Check out these six links that we’re recommending to one another: 

  • Microelectronics And The Personal Computer – Alan C. Kay – Scientific American. “This was written in 1977. It’s way ahead of its time: ‘Rates of progress in microelectronics suggest that in about a decade many people will possess a notebook-size computer with the capacity of a large computer of today. What might such a system do for them?’ While we didn’t have good notebooks in 1987, this thinking was prescient. It just took forty years to get here. Most amazingly, he argues for the importance of nonsense and anthropomorphism in making computers useful: ‘It may seem almost sinful to discuss the simulation of nonsense. But only if we want to believe that what we know is correct and complete. History has not been kind to those who subscribe to this view. It is just this realm of ‘apparent nonsense’ that must be kept open for the developing minds of the future. Although the personal computer can be guided in any direction we choose. the real sin would be to make it act like a machine!'” (Alistair for Hugh).
  • Spotify Is Perfecting the Art of the Playlist – Bloomberg BusinessWeek. “I hate myself for saying it, but Spotify‘s weekly discovery is amazing. Clearly there’s something right going on. With streaming music finally refilling the coffers of the music industry somewhat, and more scrutiny into onerous middlemen putting a greater percentage into artists’ pockets, there’s reason to hope. But only great curation can pull an artist from the dustbin of obscurity. Spotify uses math to do this; Apple uses human curation. And based on what’s on in my place, Spotify wins. Here’s why.” (Alistair for Mitch).
  • This Week GQ Published A Sexist Climbing Piece, And Outdoor Research Stepped In With The Perfect Response – The Dyrt. “As the father of two young girls, who happen to have started taking rock climbing classes two weeks ago, I was both offended by GQ‘s article, and thrilled that Outdoor Research‘s blog took them to task in such a positive way.” (Hugh for Alistair).
  • Revealed: How one Amazon Kindle scam made millions of dollars – ZDNet. “I don’t find this surprising, shocking, or particularly terrible. In general I think if you buy a ‘low quality’ book, then you didn’t do your due diligence. Still, it is a scam, a complex one, and it’s pretty interesting to see how it was engineered.” (Hugh for Mitch).

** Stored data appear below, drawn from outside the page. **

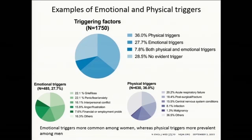Regarding triggering factors, about a third of triggers were physical, 28 percent were emotional, eight percent had both, but over a quarter of patients had no identifiable trigger in this registry. Men tended to have more physical triggers, women more emotional triggers. Types of triggers include grief, loss, panic, interpersonal conflict, anger or frustration, as well as physical triggers such as respiratory distress, post-surgical events or fractures, and CNS events.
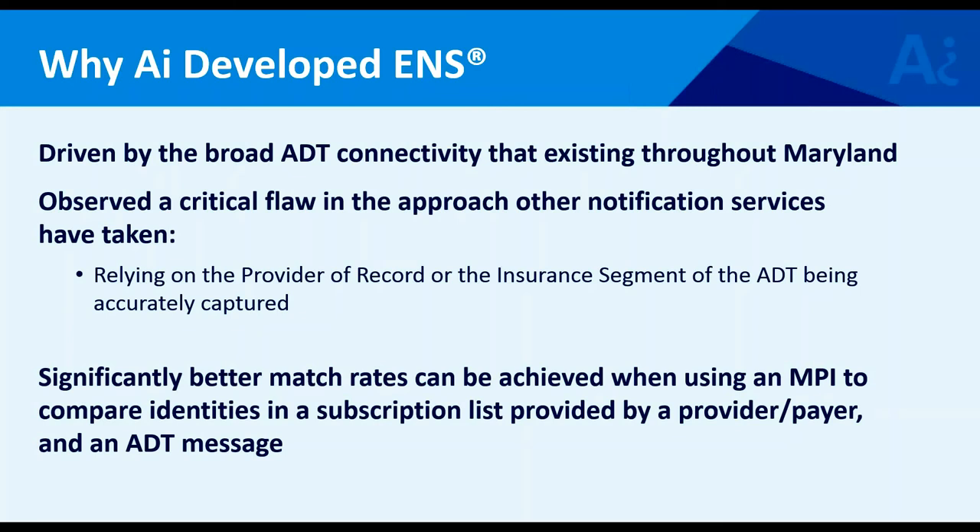What if you go to the practices in the community and ask them to attribute themselves to their patients? So instead of the patient attributing themselves to a provider at the point of care, the provider attributes themselves to their patients in advance. There are important policy frameworks that accompany this type of service. The fundamental concept: go back to the PID segment instead of the provider of record, and use master patient indexing technology to compare the patient in the real-time message to each of these preloaded lists within the notification service. When a match occurs, trigger the outbound alert based on preferences.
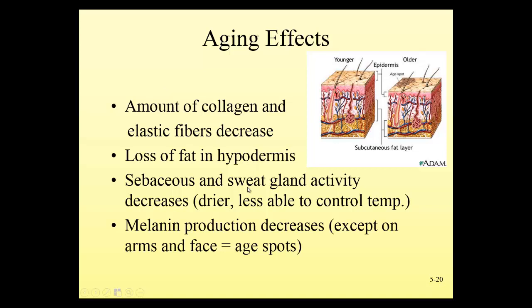Sweat glands in the elderly are not activated in hot weather as they used to be, so it's important to be careful about body temperature and ensure elderly patients don't get overheated. Melanin production also decreases with age, so the hair turns white and the skin becomes more pale. We also see abnormal activity in some areas with increased melanin production, resulting in more moles and age spots.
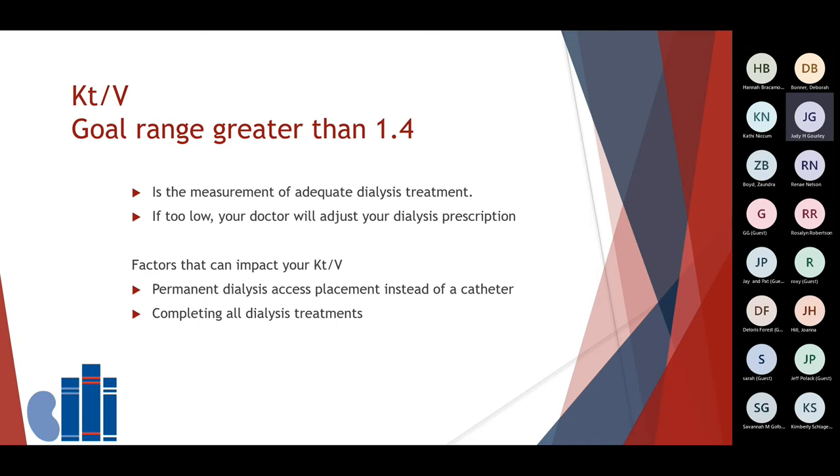Your KT/V is a lab for dialysis patients — we strive for a lab greater than 1.4. It's a calculation that allows your doctor to understand how well your dialysis has removed waste during the treatment. If low, your doctor will adjust your dialysis treatment. It's important to have a permanent access instead of using a catheter to get the best dialysis treatment and also for infection prevention — a fistula is better than a catheter for cleaning. One of the most important ways to get the best dialysis treatment is to come and stay for your entire treatment if you're in center, and to complete all of your treatments at home if you're a home therapy patient.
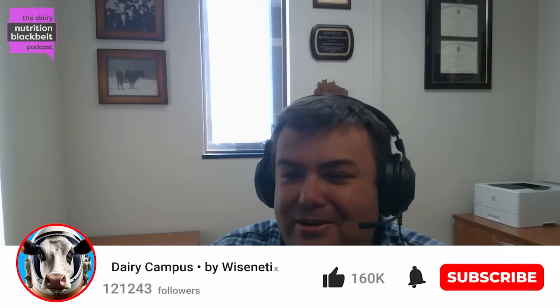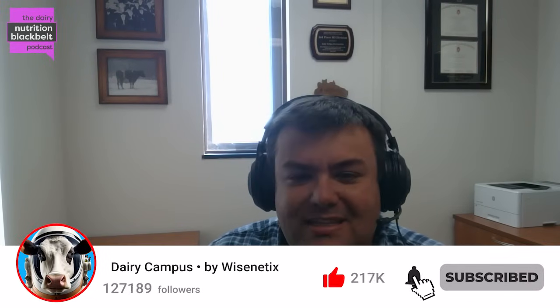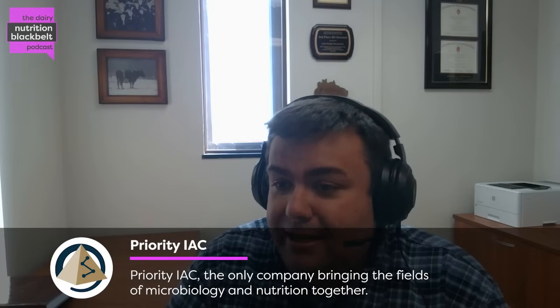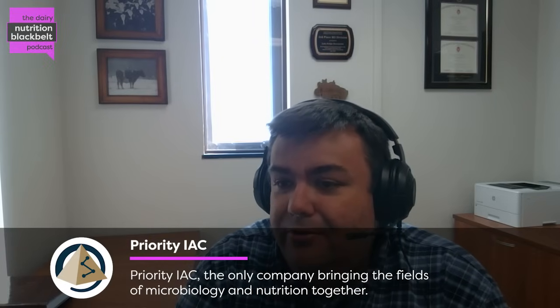Hello, everyone. This is Luis Ferraro with the Dairy Nutrition Black Belt podcast. Today we'll be discussing the use of high-protein corn co-products in dairy calf starters. To shed some light on this topic, we have Dr. Billy Brown, who is an assistant professor with Kansas State University.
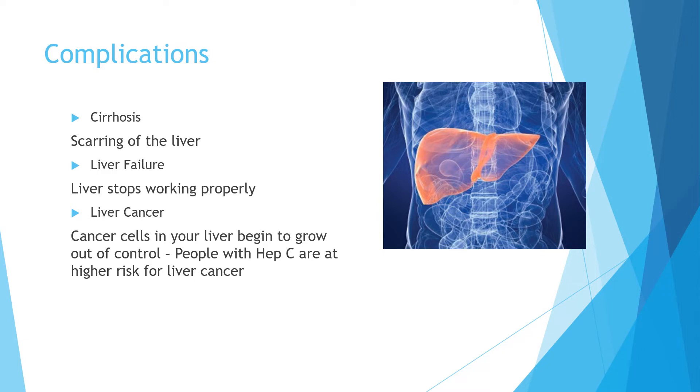Our next complication is liver cancer. Cancer happens when cells in your body begin to grow out of control. Chronic hepatitis and cirrhosis are risk factors for liver cancer, and people with hep C-related cirrhosis have a higher risk for liver cancer than those with cirrhosis related to heavy alcohol consumption. Liver cancer is similar to the complications seen with liver failure — normal liver function does not occur, the body gets a buildup of toxic chemicals, and ultimately liver failure follows.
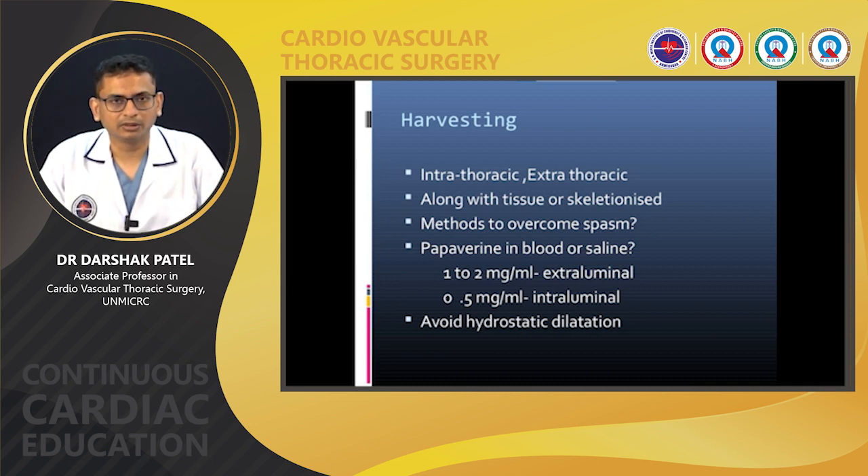Methods to overcome spasm: although the left internal mammary artery has fewer smooth muscle cells and more elastic fibers, it still has a tendency to undergo spasm, especially if handled incorrectly. To prevent spasm, handling should be minimal and we should not hold the intima. Pharmacologic agents such as papaverine are used — either admixed with blood or in saline. Extraluminal papaverine at one to two mg/mL is commonly used. We should avoid hydrostatic dilation. Intraluminal papaverine should be avoided if possible, as it is acidic and can cause chemical damage.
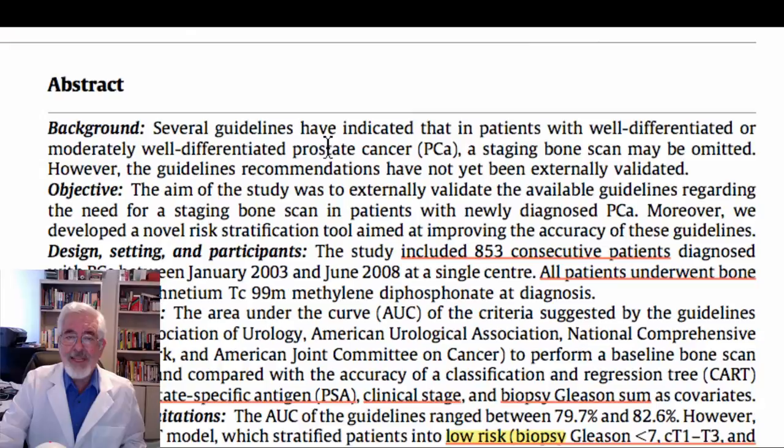Background: There are several guidelines indicating that patients with well-differentiated or moderately well-differentiated prostate cancer do not need to have a bone scan. This is due to a shift in the patient population — we are seeing more and more patients with very minimal, very early disease, because they are being diagnosed by rising PSA. However, these guideline recommendations have not yet been externally validated. The objective of this study was to validate available guidelines regarding the need for staging bone scan in patients with newly diagnosed prostate cancer.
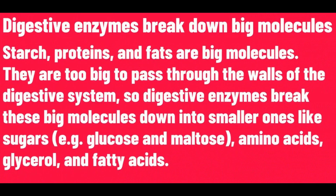Digestive enzymes break down big molecules. Starch, proteins, and fats are big molecules. They are too big to pass through the walls of the digestive system. So digestive enzymes break these big molecules down into smaller ones, like sugars, amino acids, glycerol, and fatty acids.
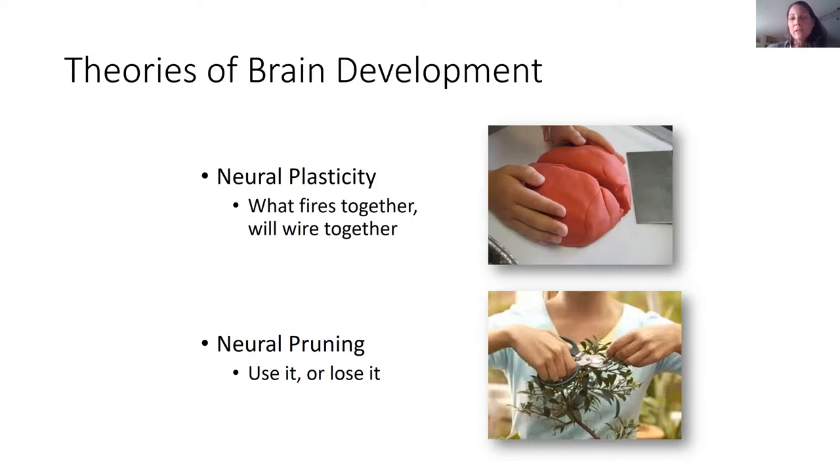The second theory is neural pruning—use it or lose it. This is experience-dependent: if we don't use parts of the brain, the cells atrophy, just like muscles. The brain decides which parts are being used and which need to be focused on, and the other parts die away. Neural pruning happens as part of neurodevelopment, and it's important even into older life—staying active, doing crossword puzzles, Sudoku—all of this is about use it or lose it. We do not want to lose our brain power.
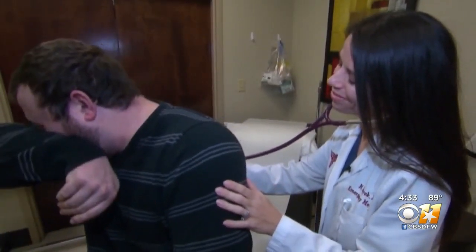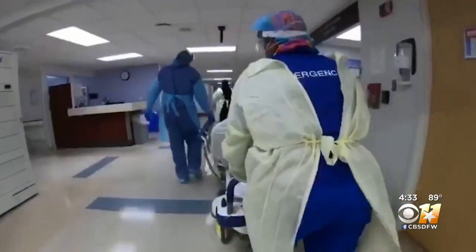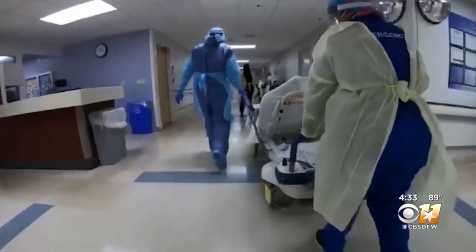COVID symptoms, actually with the Delta variant, have been more similar to allergy symptoms. Local allergists say they're seeing an influx of allergy patients unknowingly with COVID, especially this year. Since the Delta variant is more contagious, the symptoms have become more common. They're actually diagnosing a fair amount of COVID when people come in with what they think is straightforward allergies.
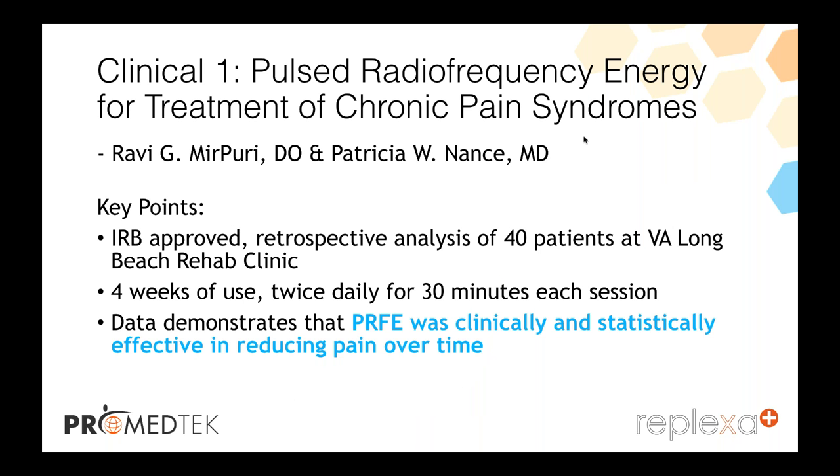One clinical trial on pulse radiofrequency energy for treatment of chronic pain syndrome by Merapi and Nance showed an IRB-approved retrospective analysis of 40 patients at VA Long Beach — four weeks of use with the Reflexa twice daily for 30 minutes. The data demonstrated that pulse radiofrequency energy was clinically and statistically effective in reducing pain over time. Remember that nothing works immediately — it does take a little bit of time for the diathermy radiofrequency to work.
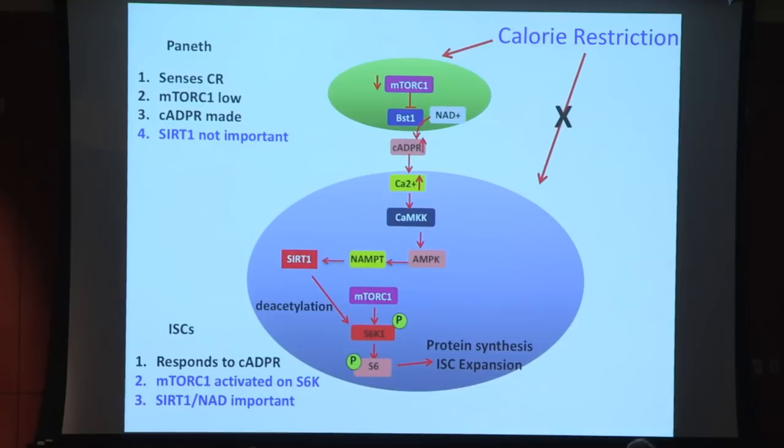So the pathway in the stem cell is: calorie restriction activates SIRT1 via upstream steps, SIRT1 deacetylates S6K, leading to protein synthesis and ISC expansion. The paneth cell senses limiting calories and signals via cyclic ADP ribose, entraining the stem cell. mTORC1, though canonically suppressed by calorie restriction, stays the same overall, but its output through S6K increases because SIRT1-mediated deacetylation makes S6K a better TOR substrate.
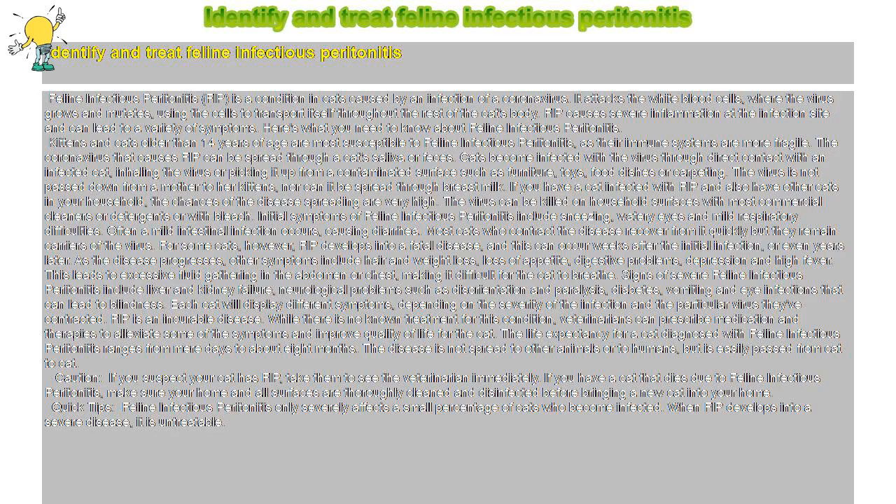Feline Infectious Peritonitis, or FIP, is a condition in cats caused by an infection of a coronavirus. It attacks the white blood cells, where the virus grows and mutates, using the cells to transport itself throughout the rest of the cat's body. FIP causes severe inflammation at the infection site and can lead to a variety of symptoms.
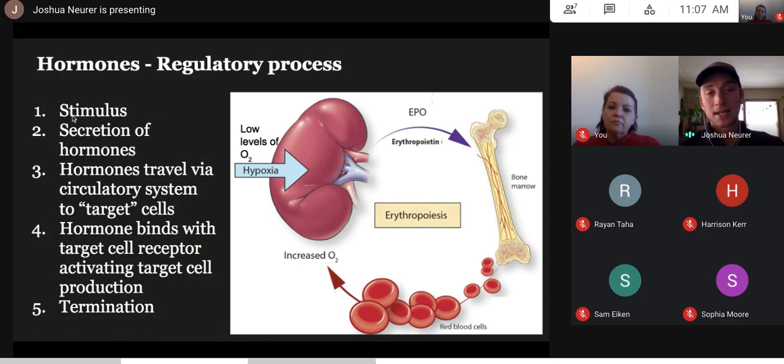When our body is hit with the stimulus of low oxygen, it secretes hormones. In the red blood cell story, our kidneys actually secrete a hormone called erythropoietin — EPO for short. EPO is secreted and sent through the circulatory system, traveling around the body to target cells. Those target cells are in bone marrow. Once the hormones bind to bone marrow, they activate target cell production.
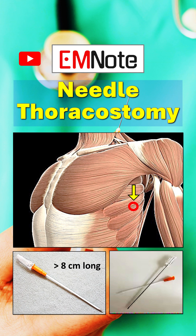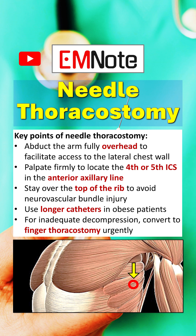In obese patients, longer catheters may be required to reach the pleura. For inadequate decompression, convert to finger thoracostomy urgently.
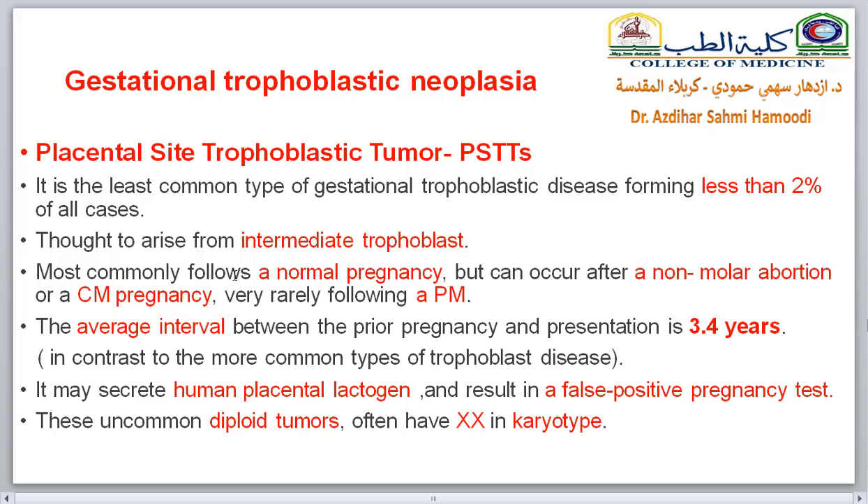The third type is the placental site trophoblastic tumor, which is the least common type of gestational trophoblastic disease, forming less than 2% of all cases. It arises from intermediate trophoblast cells and most commonly follows normal pregnancy. It can also occur after non-molar abortion or complete mole, but very rarely after partial mole. The average interval between prior pregnancy and presentation of symptoms is up to 3 years, which is in contrast to more common types of trophoblastic diseases that appear in a much shorter period.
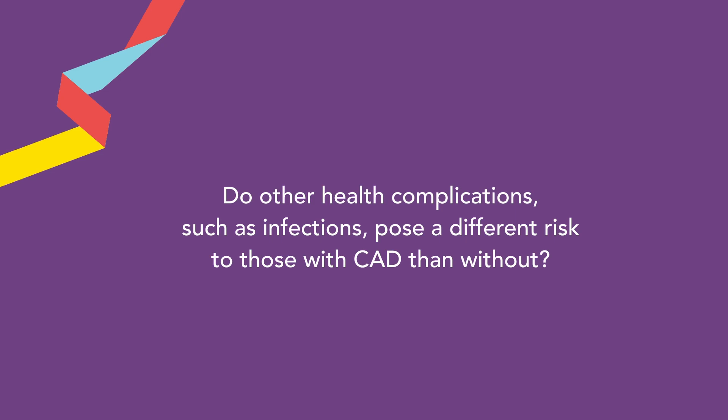Do other health complications such as infections pose a different risk to those with CAD? Yes — infection, and in particular infection with fever, can trigger exacerbations, acute worsenings of cold agglutinin disease, causing patients to become more anemic and destroy more red blood cells. Patients should be aware that if they get fever, they should see a doctor and the infection should be diagnosed. Bacterial infections can be treated, and prompt treatment is important to avoid exacerbations of cold agglutinin disease.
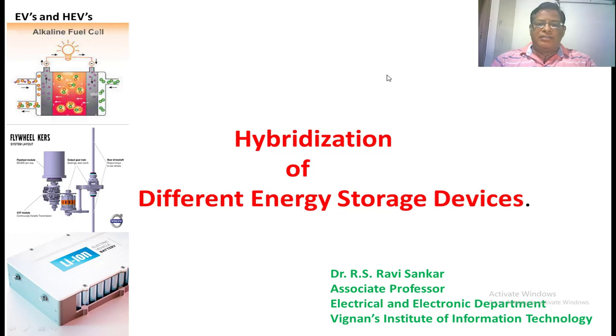Welcome back to the class on electrical vehicles and hybrid electrical vehicles. In this lecture we are going to discuss about the hybridization of different energy storage devices. In the last classes we studied about different energy storage devices like batteries, supercapacitors, fuel cells, and flywheels. All these energy sources we are going to use in hybrid electrical vehicles to get good efficiency. Hybridization means combining two sources so that the overall efficiency of the system will be improved.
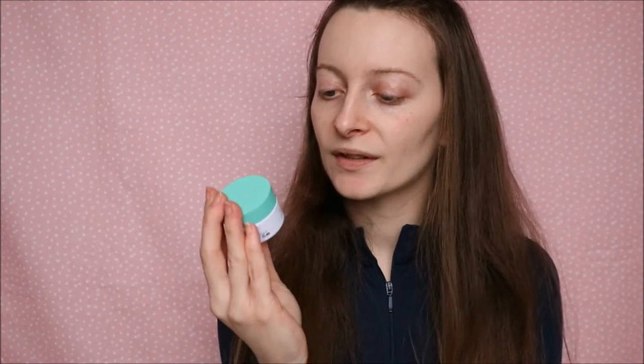Another moisturiser I reach for is the Drunk Elephant Polypeptide Cream — this is just a little sample size. I find it works really well both under makeup and at night, as it soaks in very quickly and just feels nice. It doesn't break me out at all because it's not as thick as some others — it's quite watery-based, which I really like as I feel like I can blend it into my skin really easily. The packaging is very cute as well.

  • Earthquakes Will Be as Predictable as Hurricanes Thanks to AI – SingularityHUB. “Another really interesting application of technology. The thing with this one… that really freaks me out… is when these smart algorithms also pump out the fact-based data that says ‘hey, you’re living in a pretty dangerous piece of land.’ Then… then, what do we do?” (Mitch for Alistair).
  • Isaac Asimov Asks, “How Do People Get New Ideas?” – MIT Technology Review. “This is pretty amazing. Apparently, famed author, Isaac Asimov, wrote this piece on creativity in 1959. It had never been published. Until now.” (Mitch for Hugh).